Tra il 1925 e il 1926 vengono edificati lo stabilimento Mulini in località Boesio per la preparazione degli impasti e, su progetto dell’architetto milanese Piero Portaluppi, i nuovi “Magazzini Generali” in località Ponte, direttamente raccordati con le Ferrovie dello Stato e con gli altri stabilimenti da una ferrovia Decauville a scartamento ridotto per il trasporto dei materiali. Nel 1925, in seguito a un accordo commerciale con la Porzellanfabrik Rosenthal di Selb (Baviera), viene inoltre costruito, sempre su progetto di Portaluppi, lo stabilimento Verbano per la produzione di isolatori elettrici e, successivamente, anche di porcellana da tavola. Alla spinta innovativa degli anni Venti, che interessa le tecnologie per la produzione, corrisponde uno sviluppo altrettanto intenso all’interno dei reparti artistici e di progetto. Dal 1925, grazie all’intuizione di Luciano Scotti, viene assunto alla direzione artistica il giovane Guido Andloviz, che segnerà una svolta importante introducendo un rinnovamento nelle forme e nei decori, tanto che alla fine degli anni Venti la Richard-Ginori con direttore artistico Gio Ponti e la S.C.I. di Laveno con Andloviz si contenderanno il primato dell’arte ceramica in Italia. Nel 1962 sarà la designer Antonia Campi a prendere il suo posto, seguendo l’intera produzione dell’azienda.

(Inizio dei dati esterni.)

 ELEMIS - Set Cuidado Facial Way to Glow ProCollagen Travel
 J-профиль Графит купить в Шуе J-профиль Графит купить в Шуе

Nel 1965 la S.C.I. viene assorbita dal gruppo Richard Ginori diventando Società Ceramica Italiana Richard Ginori SpA. A seguito di questa fusione viene riorganizzata la produzione negli stabilimenti e si susseguono diversi cambi ai vertici azionari. Dalla metà degli anni Settanta, dopo anni di avvicendamenti al vertice della Società, si riducono drasticamente le produzioni. Nel 1982 la ceramica Lago chiude definitivamente, la Verbano si trasforma per breve tempo in Società Cooperativa e lo stabilimento Ponte continua la produzione di articoli domestici con un numero molto ridotto di operai. Nel 1990 nello stabilimento Boesio, pur con un limitato numero di addetti, si inizia a produrre una porcellana di prestigio, la bone china, fino a quando nel 2002 l’attività delle ceramiche lavenesi si interrompe definitivamente.